-- Work to be completed --
From the records below, copy out exactly the lines from the one containing "Buick Envista Vehicle Image 10" to the one containing "临沧市民进行定期肠癌筛查示意", both included. Add nothing else.

(Crawled caption data)
───
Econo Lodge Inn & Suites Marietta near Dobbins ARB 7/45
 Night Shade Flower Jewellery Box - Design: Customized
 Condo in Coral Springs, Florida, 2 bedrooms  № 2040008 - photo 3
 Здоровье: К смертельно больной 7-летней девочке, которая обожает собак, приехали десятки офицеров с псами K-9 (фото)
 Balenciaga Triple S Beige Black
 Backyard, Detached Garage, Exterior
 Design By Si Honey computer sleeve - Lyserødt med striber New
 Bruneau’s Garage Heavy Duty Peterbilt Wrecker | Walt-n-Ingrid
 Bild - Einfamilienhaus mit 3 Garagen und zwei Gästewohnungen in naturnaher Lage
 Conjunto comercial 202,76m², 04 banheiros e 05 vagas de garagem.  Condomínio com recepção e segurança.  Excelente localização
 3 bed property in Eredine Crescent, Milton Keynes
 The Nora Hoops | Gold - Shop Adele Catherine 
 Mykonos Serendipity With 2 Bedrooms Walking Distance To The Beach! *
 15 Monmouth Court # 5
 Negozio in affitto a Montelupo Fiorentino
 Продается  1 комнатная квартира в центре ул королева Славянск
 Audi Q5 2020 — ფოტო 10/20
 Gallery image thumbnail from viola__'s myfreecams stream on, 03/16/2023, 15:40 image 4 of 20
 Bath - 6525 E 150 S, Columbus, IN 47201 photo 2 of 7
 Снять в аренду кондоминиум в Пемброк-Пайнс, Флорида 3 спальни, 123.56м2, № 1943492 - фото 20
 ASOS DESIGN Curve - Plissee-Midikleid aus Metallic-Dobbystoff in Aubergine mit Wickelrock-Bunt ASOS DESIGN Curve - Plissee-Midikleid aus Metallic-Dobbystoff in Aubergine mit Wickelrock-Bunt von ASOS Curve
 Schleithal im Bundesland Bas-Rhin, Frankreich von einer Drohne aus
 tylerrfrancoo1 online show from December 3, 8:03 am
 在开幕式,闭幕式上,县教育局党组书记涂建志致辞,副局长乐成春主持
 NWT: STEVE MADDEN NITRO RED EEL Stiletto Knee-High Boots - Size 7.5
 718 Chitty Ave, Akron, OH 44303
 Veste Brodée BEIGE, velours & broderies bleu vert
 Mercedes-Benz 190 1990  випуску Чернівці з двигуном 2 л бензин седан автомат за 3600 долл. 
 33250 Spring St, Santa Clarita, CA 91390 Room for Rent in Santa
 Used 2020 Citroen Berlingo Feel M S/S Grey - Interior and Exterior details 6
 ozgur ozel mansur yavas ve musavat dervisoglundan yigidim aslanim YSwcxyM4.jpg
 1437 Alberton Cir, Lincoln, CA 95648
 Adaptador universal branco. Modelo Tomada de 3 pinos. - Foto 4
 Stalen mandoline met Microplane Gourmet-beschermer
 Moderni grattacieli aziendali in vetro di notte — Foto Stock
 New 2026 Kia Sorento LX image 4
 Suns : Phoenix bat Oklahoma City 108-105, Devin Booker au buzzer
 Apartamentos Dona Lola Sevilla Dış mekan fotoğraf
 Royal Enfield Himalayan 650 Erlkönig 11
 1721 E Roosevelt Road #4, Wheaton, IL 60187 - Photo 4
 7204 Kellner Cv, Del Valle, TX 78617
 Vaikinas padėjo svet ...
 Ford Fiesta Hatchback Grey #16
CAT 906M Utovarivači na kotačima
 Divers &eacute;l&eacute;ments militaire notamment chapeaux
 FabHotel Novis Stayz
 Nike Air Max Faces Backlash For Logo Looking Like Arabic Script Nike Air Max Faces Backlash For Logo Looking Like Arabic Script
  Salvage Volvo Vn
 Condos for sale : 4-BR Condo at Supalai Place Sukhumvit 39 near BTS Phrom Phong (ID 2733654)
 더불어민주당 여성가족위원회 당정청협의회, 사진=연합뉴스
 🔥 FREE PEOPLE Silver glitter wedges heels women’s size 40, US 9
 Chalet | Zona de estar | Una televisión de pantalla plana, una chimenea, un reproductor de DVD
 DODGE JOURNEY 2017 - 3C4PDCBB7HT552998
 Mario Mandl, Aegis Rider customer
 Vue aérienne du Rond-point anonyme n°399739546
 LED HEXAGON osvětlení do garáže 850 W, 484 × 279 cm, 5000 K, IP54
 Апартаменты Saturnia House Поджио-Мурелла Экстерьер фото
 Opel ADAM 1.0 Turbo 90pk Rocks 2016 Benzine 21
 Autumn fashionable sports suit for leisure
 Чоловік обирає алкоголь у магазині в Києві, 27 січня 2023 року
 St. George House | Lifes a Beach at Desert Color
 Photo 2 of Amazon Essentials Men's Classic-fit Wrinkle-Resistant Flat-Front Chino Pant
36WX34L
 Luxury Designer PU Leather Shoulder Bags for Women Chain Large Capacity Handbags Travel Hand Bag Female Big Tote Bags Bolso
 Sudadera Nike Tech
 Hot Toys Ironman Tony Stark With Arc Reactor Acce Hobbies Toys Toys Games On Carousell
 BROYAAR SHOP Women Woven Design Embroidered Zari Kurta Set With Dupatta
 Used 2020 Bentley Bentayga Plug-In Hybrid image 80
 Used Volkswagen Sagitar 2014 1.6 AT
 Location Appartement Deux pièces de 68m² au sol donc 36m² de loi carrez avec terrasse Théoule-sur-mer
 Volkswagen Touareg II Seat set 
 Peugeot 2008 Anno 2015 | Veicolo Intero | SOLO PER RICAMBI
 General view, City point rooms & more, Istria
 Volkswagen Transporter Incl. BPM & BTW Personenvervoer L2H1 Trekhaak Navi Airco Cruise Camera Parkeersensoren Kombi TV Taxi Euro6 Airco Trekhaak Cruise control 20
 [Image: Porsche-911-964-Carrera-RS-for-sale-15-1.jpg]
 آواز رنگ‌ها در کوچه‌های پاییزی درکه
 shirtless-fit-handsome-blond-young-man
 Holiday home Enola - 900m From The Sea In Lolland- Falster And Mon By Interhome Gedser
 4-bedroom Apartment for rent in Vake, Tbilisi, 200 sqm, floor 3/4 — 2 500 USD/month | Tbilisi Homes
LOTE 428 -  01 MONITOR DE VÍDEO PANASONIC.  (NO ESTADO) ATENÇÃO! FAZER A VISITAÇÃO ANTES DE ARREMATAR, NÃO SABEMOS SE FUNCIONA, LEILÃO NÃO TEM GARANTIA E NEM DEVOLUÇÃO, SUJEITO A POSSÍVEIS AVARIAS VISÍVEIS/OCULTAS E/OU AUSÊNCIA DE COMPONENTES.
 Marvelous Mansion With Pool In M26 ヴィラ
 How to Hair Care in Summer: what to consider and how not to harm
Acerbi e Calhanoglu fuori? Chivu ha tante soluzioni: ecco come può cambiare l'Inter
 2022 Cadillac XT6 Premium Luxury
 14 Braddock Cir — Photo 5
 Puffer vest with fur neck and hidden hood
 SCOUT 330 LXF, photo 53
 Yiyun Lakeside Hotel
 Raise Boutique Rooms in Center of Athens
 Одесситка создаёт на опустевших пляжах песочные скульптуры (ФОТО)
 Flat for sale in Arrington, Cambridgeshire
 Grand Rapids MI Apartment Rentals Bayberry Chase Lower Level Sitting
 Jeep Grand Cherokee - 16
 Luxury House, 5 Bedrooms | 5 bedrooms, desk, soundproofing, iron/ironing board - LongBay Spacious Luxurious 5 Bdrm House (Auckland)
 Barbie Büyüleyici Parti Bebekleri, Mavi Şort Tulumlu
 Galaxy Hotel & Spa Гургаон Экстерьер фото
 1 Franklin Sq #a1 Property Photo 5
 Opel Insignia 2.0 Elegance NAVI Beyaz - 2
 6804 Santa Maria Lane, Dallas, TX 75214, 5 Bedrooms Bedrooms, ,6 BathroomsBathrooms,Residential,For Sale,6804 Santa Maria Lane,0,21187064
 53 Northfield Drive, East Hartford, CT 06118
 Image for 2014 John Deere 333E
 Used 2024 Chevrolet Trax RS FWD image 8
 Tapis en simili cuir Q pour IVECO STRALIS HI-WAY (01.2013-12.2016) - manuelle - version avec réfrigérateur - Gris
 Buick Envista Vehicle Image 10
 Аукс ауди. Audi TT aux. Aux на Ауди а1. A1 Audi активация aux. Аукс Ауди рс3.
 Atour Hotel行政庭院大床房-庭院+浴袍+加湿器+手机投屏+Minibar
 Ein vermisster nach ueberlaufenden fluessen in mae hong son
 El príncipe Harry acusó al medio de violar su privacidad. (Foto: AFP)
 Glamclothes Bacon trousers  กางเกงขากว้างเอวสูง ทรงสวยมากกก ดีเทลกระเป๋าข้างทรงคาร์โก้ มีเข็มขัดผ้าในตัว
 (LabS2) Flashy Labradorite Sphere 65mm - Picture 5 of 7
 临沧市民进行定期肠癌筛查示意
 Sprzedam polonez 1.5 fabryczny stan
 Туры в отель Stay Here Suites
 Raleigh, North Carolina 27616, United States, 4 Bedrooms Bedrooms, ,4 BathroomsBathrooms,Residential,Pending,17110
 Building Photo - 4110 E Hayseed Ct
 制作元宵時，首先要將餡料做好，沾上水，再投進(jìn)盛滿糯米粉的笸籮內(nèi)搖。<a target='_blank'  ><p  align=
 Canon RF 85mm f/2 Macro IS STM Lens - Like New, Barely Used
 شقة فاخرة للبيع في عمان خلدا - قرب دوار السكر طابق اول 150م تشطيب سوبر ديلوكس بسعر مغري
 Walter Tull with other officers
───
-- Task answer --
 Buick Envista Vehicle Image 10
 Аукс ауди. Audi TT aux. Aux на Ауди а1. A1 Audi активация aux. Аукс Ауди рс3.
 Atour Hotel行政庭院大床房-庭院+浴袍+加湿器+手机投屏+Minibar
 Ein vermisster nach ueberlaufenden fluessen in mae hong son
 El príncipe Harry acusó al medio de violar su privacidad. (Foto: AFP)
 Glamclothes Bacon trousers  กางเกงขากว้างเอวสูง ทรงสวยมากกก ดีเทลกระเป๋าข้างทรงคาร์โก้ มีเข็มขัดผ้าในตัว
 (LabS2) Flashy Labradorite Sphere 65mm - Picture 5 of 7
 临沧市民进行定期肠癌筛查示意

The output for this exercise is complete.